What is the relation between $f'(x)$ and discriminant of a quadratic equation?

Answer 1

$f(x)$ is decreasing if $f'(x)$ is negative for all $x$. So in the quadratic equation $f'(x)=0$ we need the parabola to open downward and not be positive for any $x$.
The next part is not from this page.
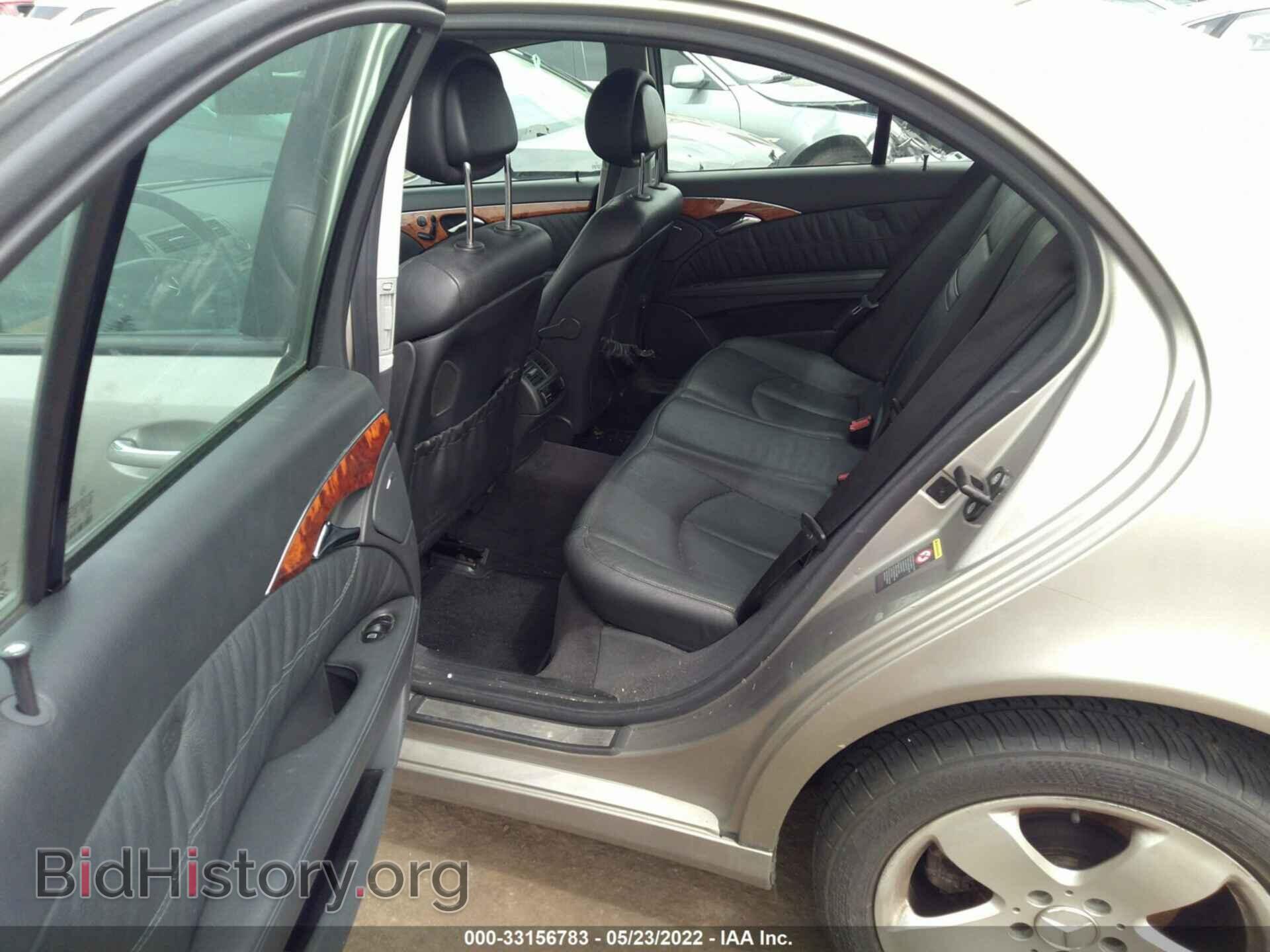 2006 MERCEDES-BENZ E-CLASS - VIN: WDBUF83J76X198724 - Фото 8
So in $f'(x)$ we need $\Delta \le 0$ and $a\lt 0$. We get $a\in (-\infty, -2]$.

Answer 2

I got the same answer as King Tut, but with a different approach:

$f'(x) = 3 \{ ax^2 - (2a+4)x + (3a+6) \}$
$f"(x) = 3 \{ 2ax - 2a - 4\} = 6 \{ax - a - 2\} = 6 \{a(x-1) - 2\}$
$f"'(x) = 6a.$

$f'(0) < 0$ if and only if $a < -2$.
$a<-2$ implies that for all $x<0,$ $f"(x) > 0.$

Thus, with $a<-2$, $f'(x)$ starts out negative at $0$ and
$f'(x)$ is monotonically decreasing as x goes from $0$ to $-\infty.$

Continuing to assume that $a<-2,$ the analysis is similar for $x>0.$
When $(x-1)=\displaystyle\frac{2}{a},$ $f"(x) = 0$ and $f"'(x) = 6a < 0.$

Therefore, $f'(x)$ has a maximum at $x=1 + \displaystyle\frac{2}{a}.$

$f'\left(1+\displaystyle\frac{2}{a}\right) = 3\left[a\left(1+\displaystyle\frac{4}{a}+\displaystyle\frac{4}{a^2}\right) - (2a+4)\left(1+\displaystyle\frac{2}{a}\right) +(3a+6)\right]$

$= 3\left[\left(a+4+\displaystyle\frac{4}{a}\right) - \left(2a+4+4+\displaystyle\frac{8}{a}\right) +(3a+6)\right]$

$= 3\left[2a+2-\displaystyle\frac{4}{a}\right] < 3[2a+2+2] < 0.$